Arrancaba el 1900, cuando la prensa local recogía la noticia de que todos los ibicencos, tenderos, payeses, marineros, militares y funcionarios, se volcaban en recaudar fondos para erigir el monumento. Don Mariano Riquer, canónigo de la Catedral y presidente de la Comisión Ejecutiva del proyecto, había conseguido de la Regente María Cristina y del Consejo de Ministros la aportación de 9.000 kilos de bronce. Doce meses después, el 14 de julio, se colocaba la primera piedra y El Correo de Ibiza decía que en la ciudad no se hablaba de otra cosa y que la Alameda registraba un continuo desfile de curiosos interesados en ver cómo se hacían las cosas. El mes de junio de 1902, el vapor ´Lulio´ había traído desde Barcelona los 25 bloques de piedra de Montjuïc para levantar el pedestal, convirtiéndose en un verdadero espectáculo su descarga en los muelles. Uno de aquellos bloques pesaba 8 toneladas a pesar de estar hueco y rompió la báscula y también la cabria, que tuvo que recomponerse. Finalmente, el 25 de abril de 1904 y en presencia de S.M. don Alfonso XIII, se inauguró el monumento que, por cierto, no tuvo que descubrirse como mandaba el protocolo porque un ventarrón se había anticipado el día anterior y lo había dejado a la vista. Y una anécdota simpática del hecho fue que una de las niñas que ofrecieron flores a S.M., en vez de gritar el protocolario ¡Viva el Rey!, se atolondró y le soltó un festivo ¡Viva tu madre!. Dicen que al Rey le hizo gracia. Volviendo a nuestros días, repito, desconcierta el hecho de que nuestro principal monumento esté dedicado a un personaje que para la isla no ha sido en absoluto significativo y que, a pie de calle, nadie conoce. Me pregunto si no convendría colocar una placa que lo identifique y explique su gesta.

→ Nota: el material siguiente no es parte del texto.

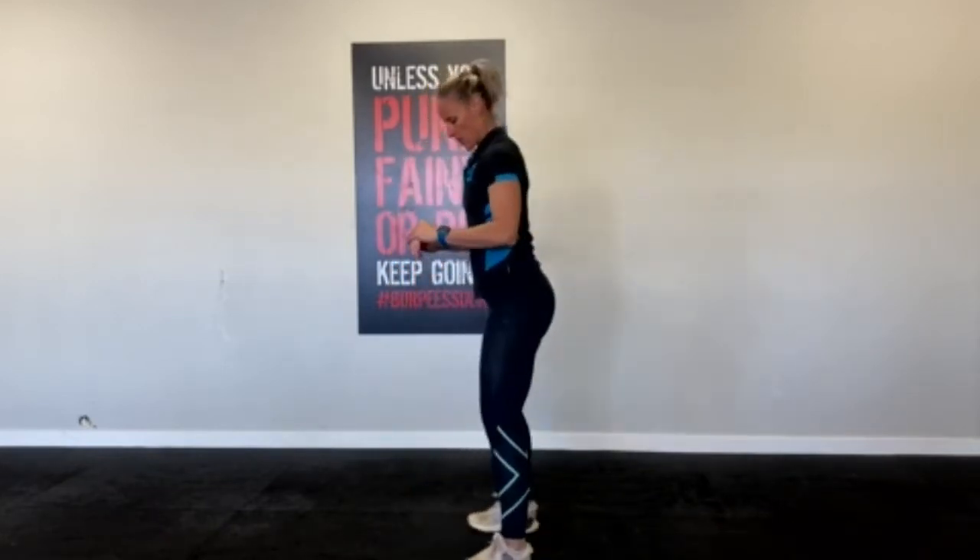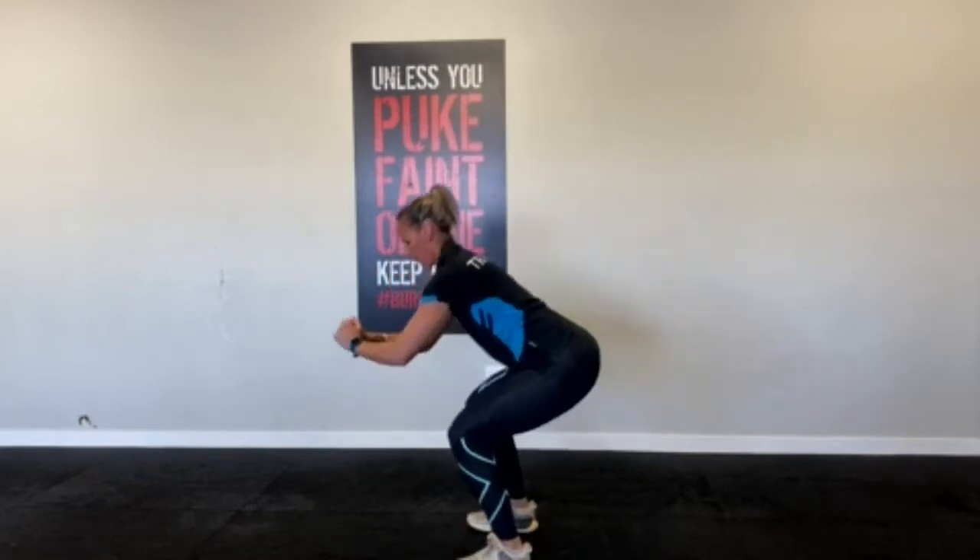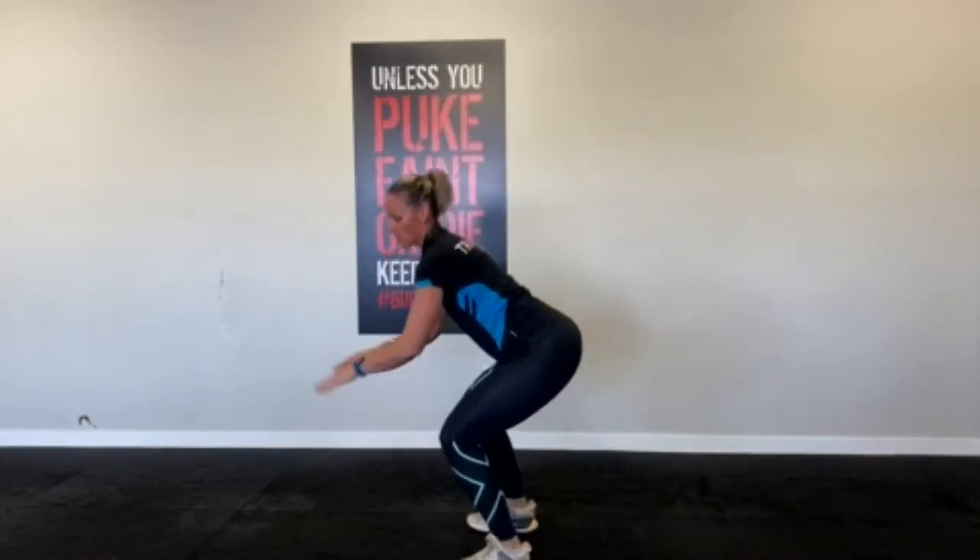So for the basic squat: legs shoulder-width apart, feet at a 45-degree angle out. You're going to go for depth — make sure those knees are going over the toes. I'm going to go to the side so you can see. Make sure those knees don't go over the toes — very important. So that's your basic squat.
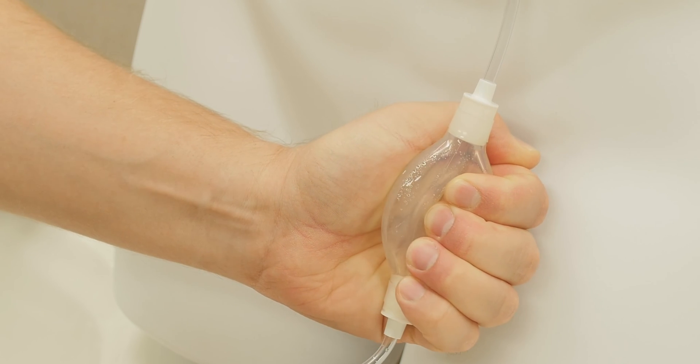It is important that you know how to drain and care for your catheter. You should have been given personal step-by-step instructions by your healthcare provider for this care. This video presentation is designed to help review these steps.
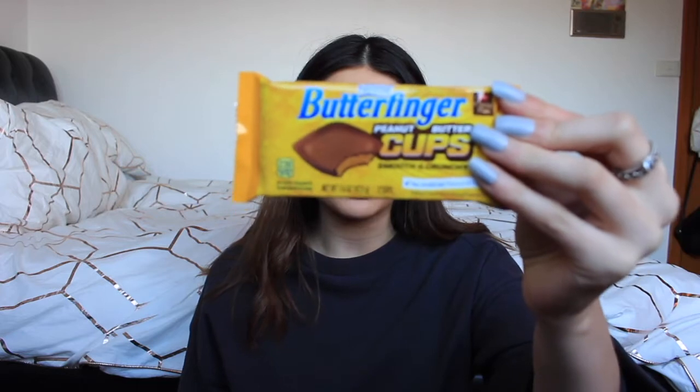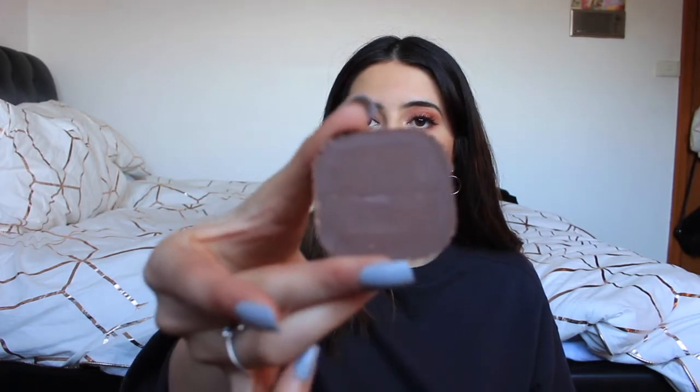Sticking with the theme of peanut butter cups, we'll try the Butterfinger Nestlé Peanut Butter Cups — smooth and crunchy. That's what it looks like. Let's give it a whirl. That tastes like something... it kind of tastes like a golden gaytime ice cream, not my favorite thing ever, so maybe like a six.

En cualquier caso, nos importe o no el personaje y el motivo del monumento, lo cierto es que, desde el punto de vista escultórico, es una obra notable que, posiblemente por la visión cotidiana que de ella tenemos, no hemos puesto en valor y no ha pasado de ser un elemento ornamental del mobiliario urbano. Pero lo cierto es que se trata de una obra que conjuga con acierto la arquitectura que le da soporte, obra de don Augusto Forn, con la imaginería estrictamente escultórica de don Eduard B. Alentorn. Y que más allá de la manifiesta exaltación del personaje, mantiene en su composición una clara intención narrativa. Sobre un ensolado circular clausurado por ocho cañones utilizados como pilotes y unidos por una gruesa cadena, se levanta la piedra modulada en tres cuerpos que da soporte a cinco bronces de incuestionable potencia expresiva. El primer nivel lo conforma una triple y escalonada peana octogonal, en la que encontramos una severa corona memorial y la escultura de la reina que prefigura a la nación y que sobre la piedra escribe y dedica el monumento «A Vara de Rey». El segundo nivel es un macizo cuerpo troncocónico al que, con las alas todavía abiertas, se arrima un ángel o la Fama, que en la diestra lleva una trompeta de convocatoria y en la siniestra un laurel que ofrece al general que, más arriba, en la última grada, levanta su espada en arenga. Mientras, por la espalda, un guerrillero agazapado se prepara para ensartarle su machete. El acierto del escultor estuvo en inmortalizar ese preciso instante en el que el general, ajeno a su suerte, mantiene todavía un gesto épico y desafiante. Y fue también un acierto la visión anticipada que ofrece el escultor: la muerte no ha sucedido pero está cantada, tanto es así que la reina y el ángel son ya representaciones ´posteriores´ a lo que sabemos que sucederá, pues ensalzan la muerte heroica del general.